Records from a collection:
((

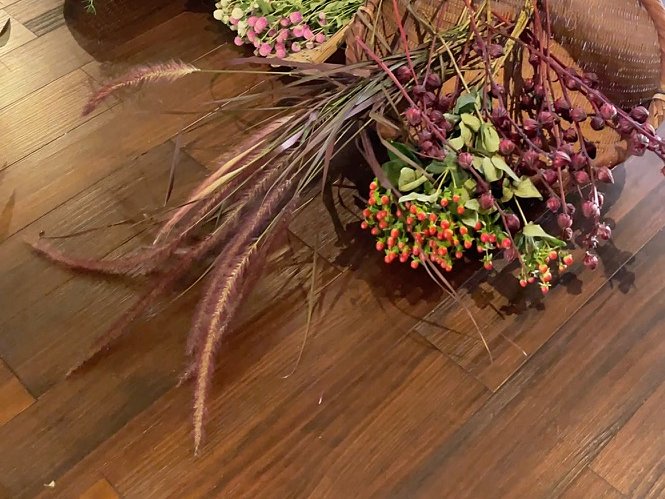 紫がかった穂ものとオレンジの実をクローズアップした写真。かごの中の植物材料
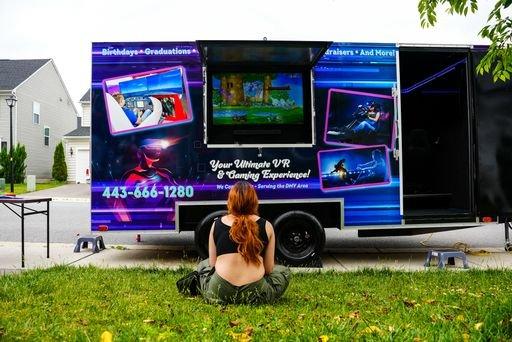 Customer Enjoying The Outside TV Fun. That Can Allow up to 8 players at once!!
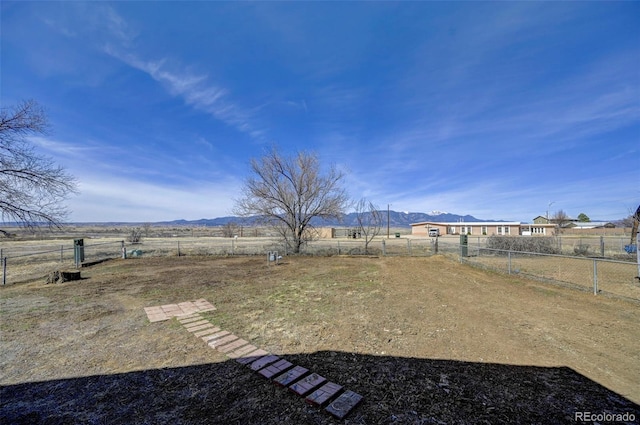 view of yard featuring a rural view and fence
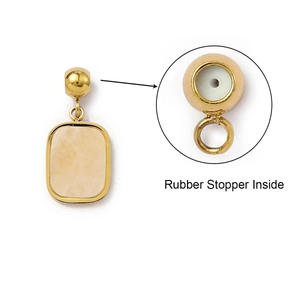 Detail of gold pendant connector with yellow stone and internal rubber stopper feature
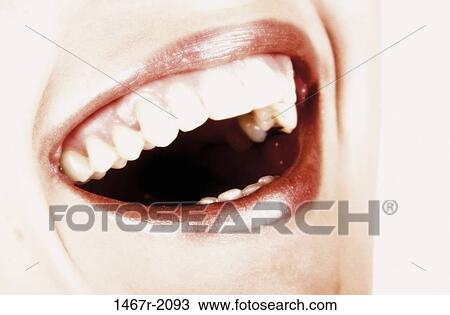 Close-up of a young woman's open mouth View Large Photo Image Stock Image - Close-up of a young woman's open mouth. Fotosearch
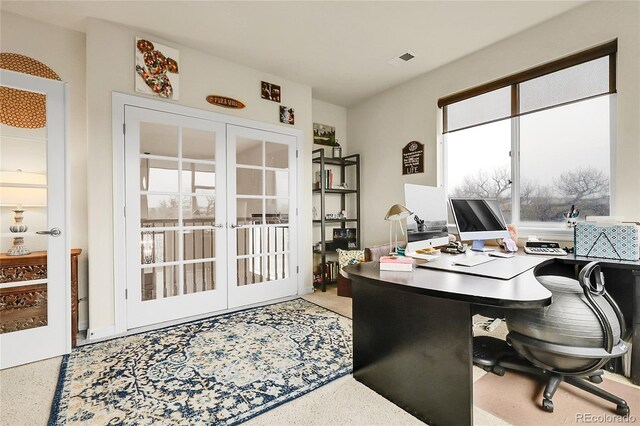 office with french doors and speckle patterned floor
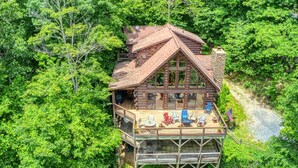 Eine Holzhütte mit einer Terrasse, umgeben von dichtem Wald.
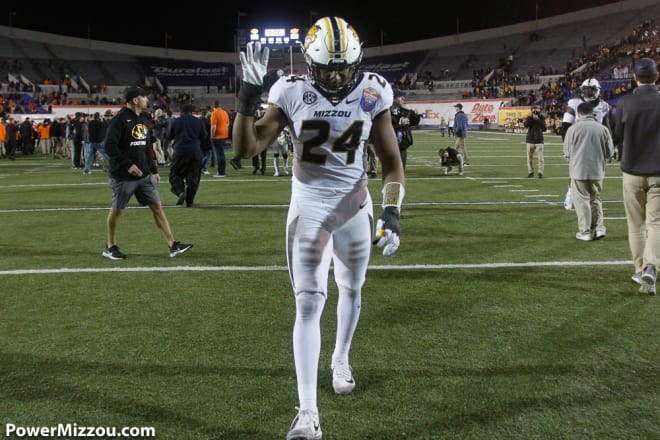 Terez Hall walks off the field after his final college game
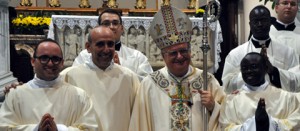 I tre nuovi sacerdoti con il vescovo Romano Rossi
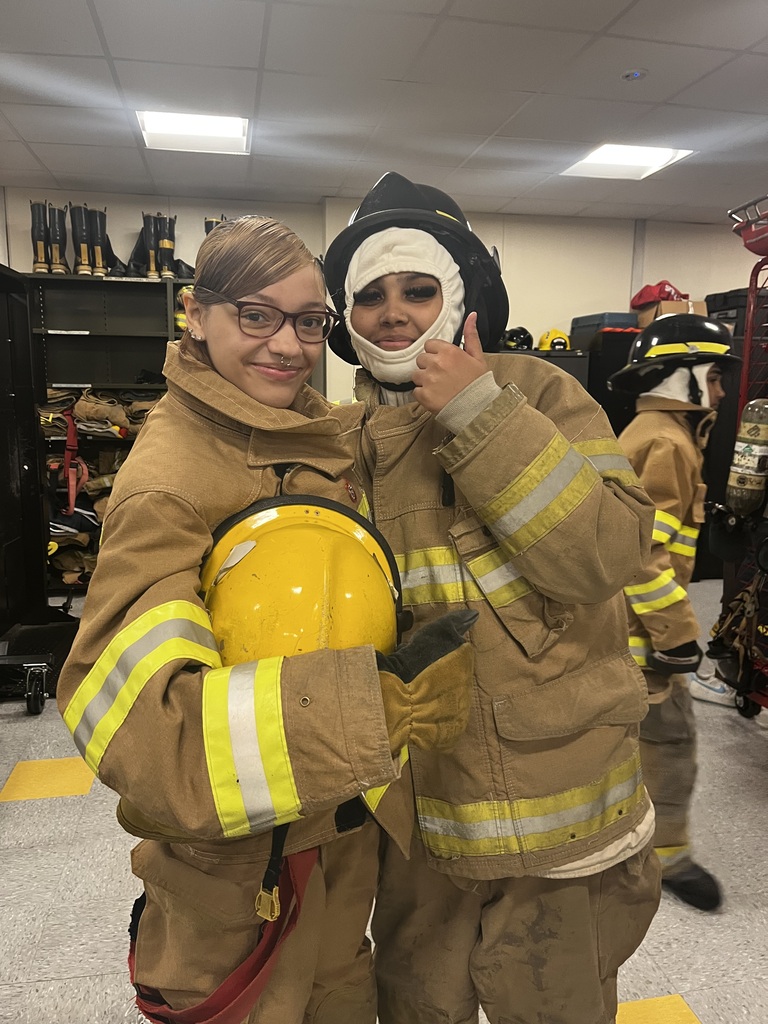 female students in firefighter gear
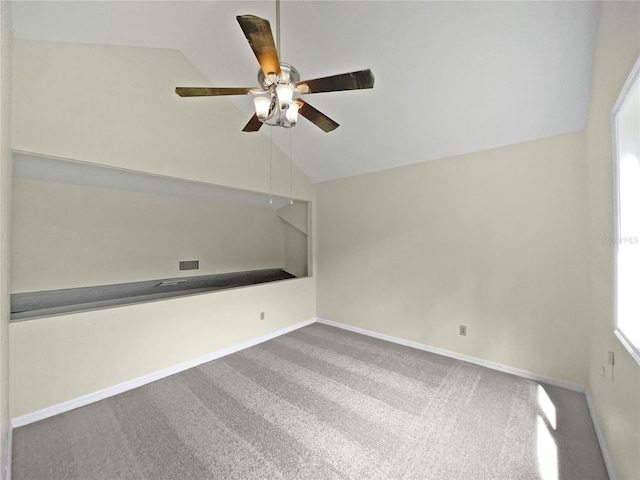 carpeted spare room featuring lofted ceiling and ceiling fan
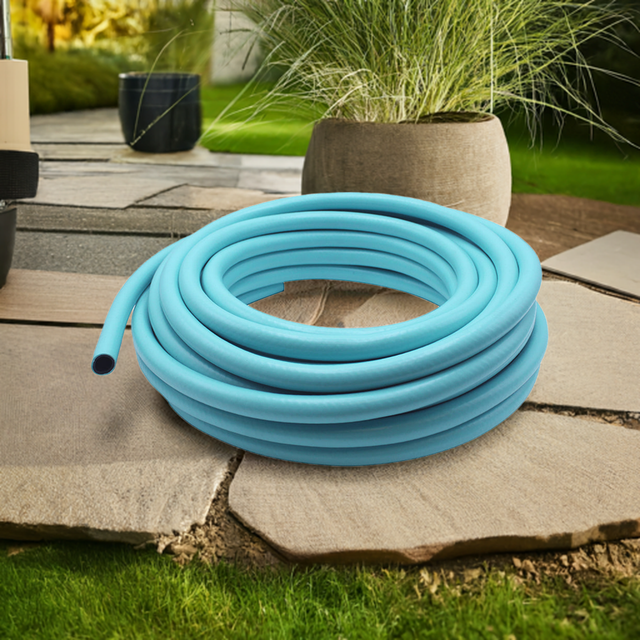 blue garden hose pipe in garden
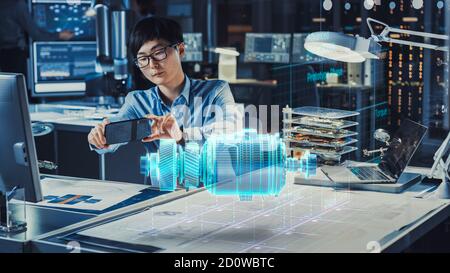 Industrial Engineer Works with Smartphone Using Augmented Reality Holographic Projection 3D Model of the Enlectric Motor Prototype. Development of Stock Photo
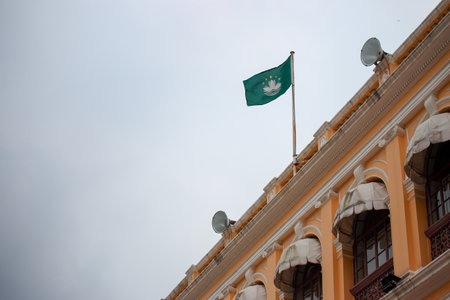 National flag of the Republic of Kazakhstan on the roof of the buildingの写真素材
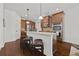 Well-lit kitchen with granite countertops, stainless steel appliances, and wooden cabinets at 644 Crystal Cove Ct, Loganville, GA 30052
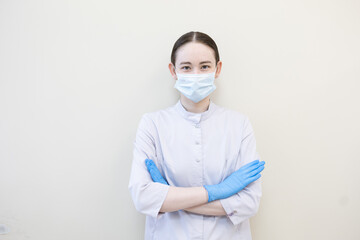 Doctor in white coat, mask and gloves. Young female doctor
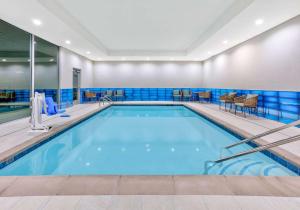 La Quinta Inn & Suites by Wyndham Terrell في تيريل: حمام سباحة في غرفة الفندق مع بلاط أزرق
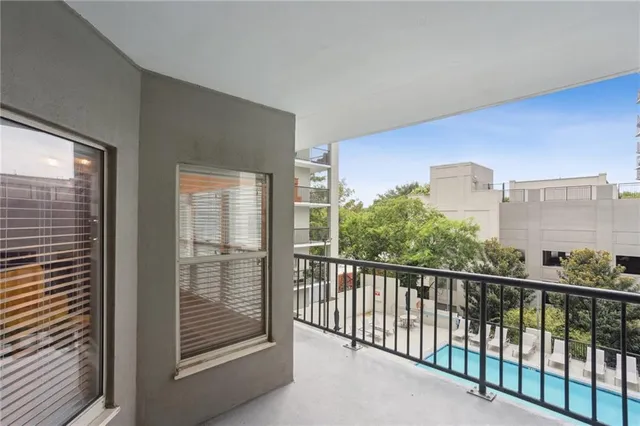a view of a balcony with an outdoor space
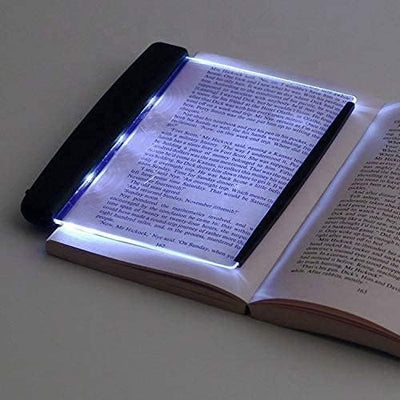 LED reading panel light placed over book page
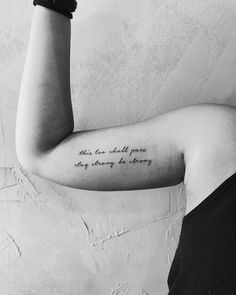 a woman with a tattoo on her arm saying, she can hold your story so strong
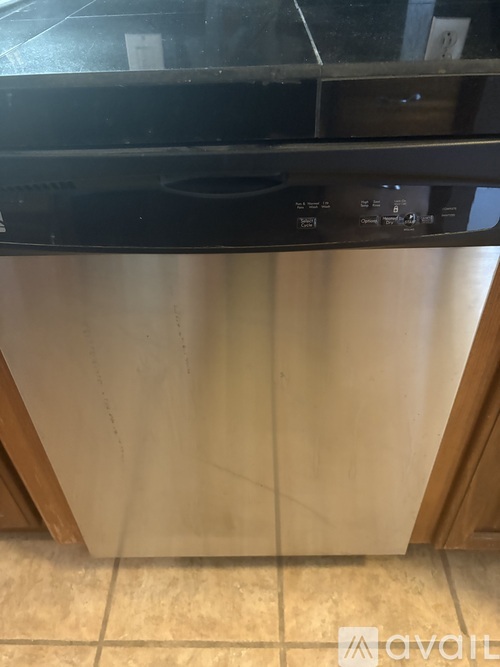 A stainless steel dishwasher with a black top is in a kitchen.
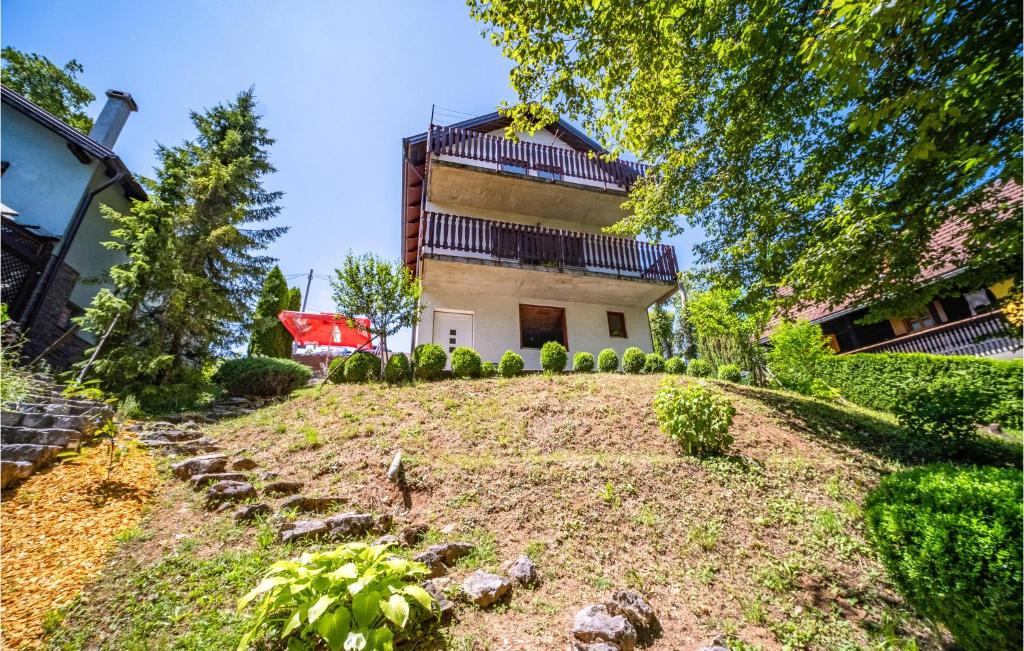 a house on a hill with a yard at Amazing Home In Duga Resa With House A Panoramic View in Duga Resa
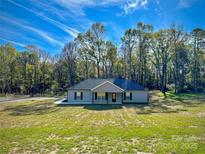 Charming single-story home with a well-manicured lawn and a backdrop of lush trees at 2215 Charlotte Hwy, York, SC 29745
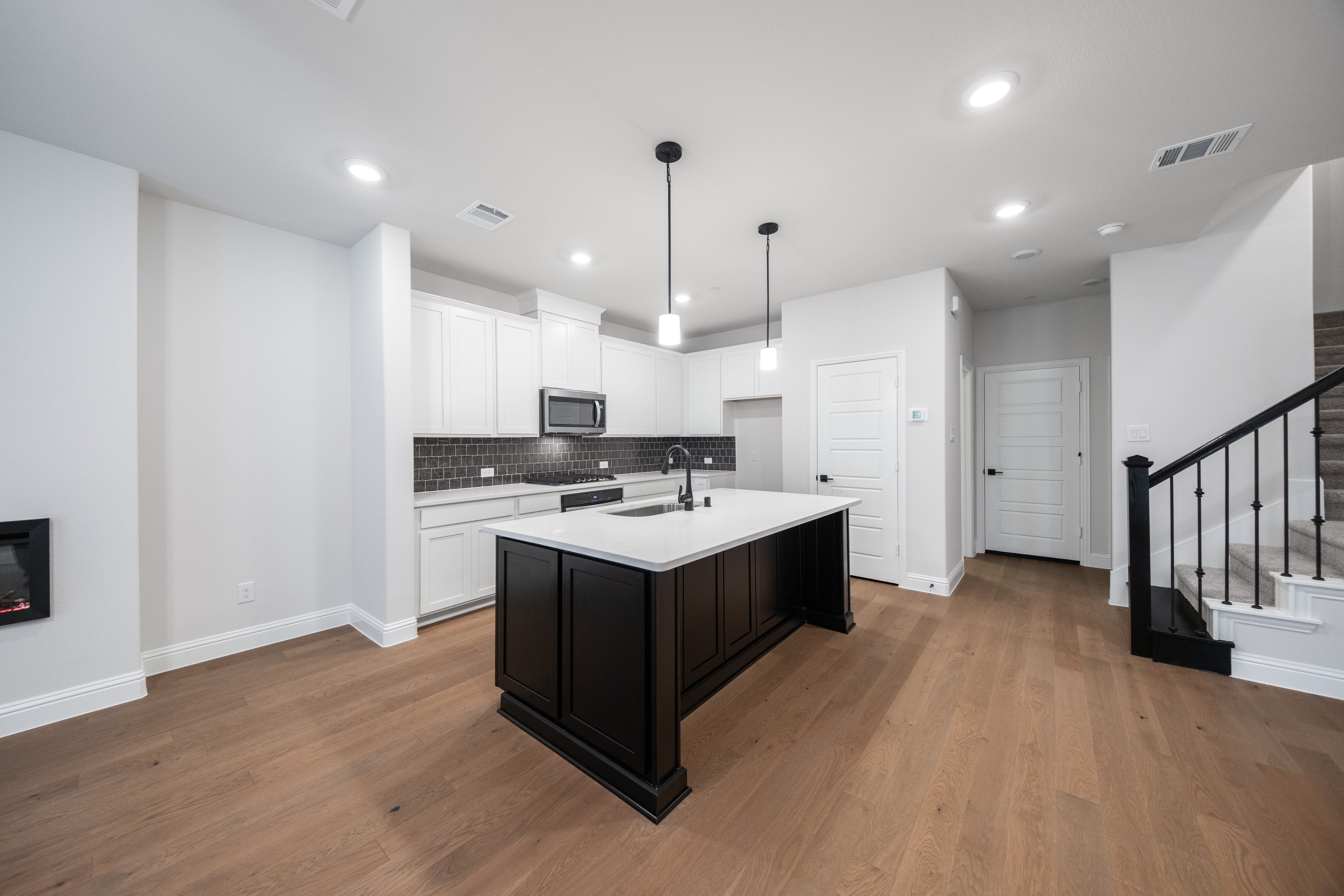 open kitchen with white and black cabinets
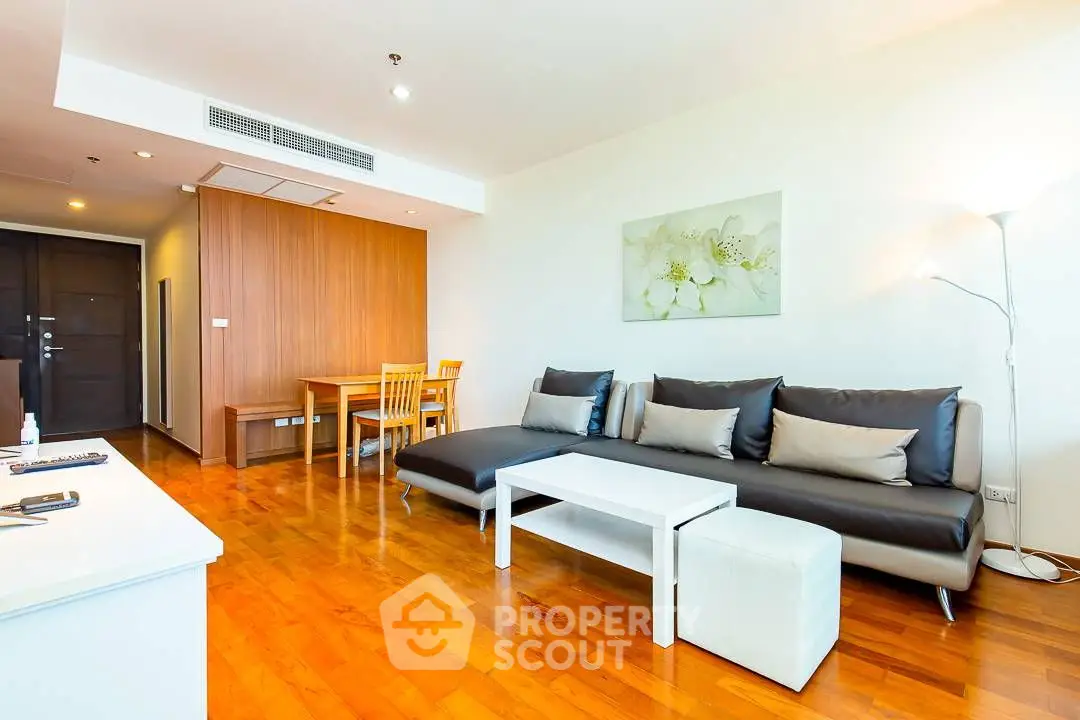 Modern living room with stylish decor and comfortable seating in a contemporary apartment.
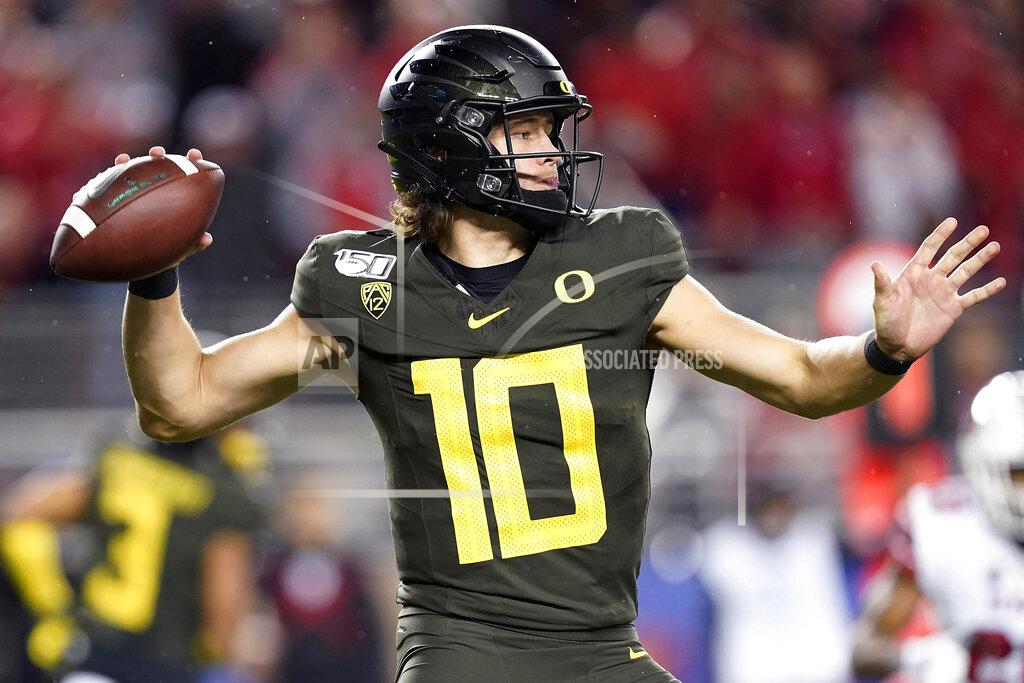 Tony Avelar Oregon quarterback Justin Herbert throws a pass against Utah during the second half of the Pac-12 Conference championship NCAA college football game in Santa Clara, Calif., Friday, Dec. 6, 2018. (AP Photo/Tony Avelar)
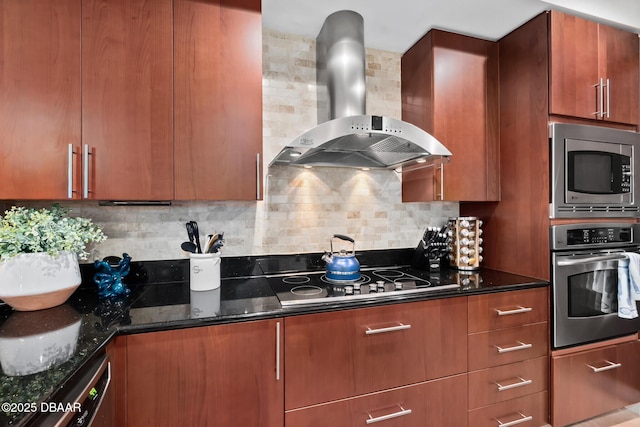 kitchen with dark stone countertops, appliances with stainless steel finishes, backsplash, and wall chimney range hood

))

§ Problem description
Copy out the lines above from the line containing "Modern living room" through the line containing "Tony Avelar Oregon", exactly, and keep the pictures out.

§ Exercise answer
 Modern living room with stylish decor and comfortable seating in a contemporary apartment.
 Tony Avelar Oregon quarterback Justin Herbert throws a pass against Utah during the second half of the Pac-12 Conference championship NCAA college football game in Santa Clara, Calif., Friday, Dec. 6, 2018. (AP Photo/Tony Avelar)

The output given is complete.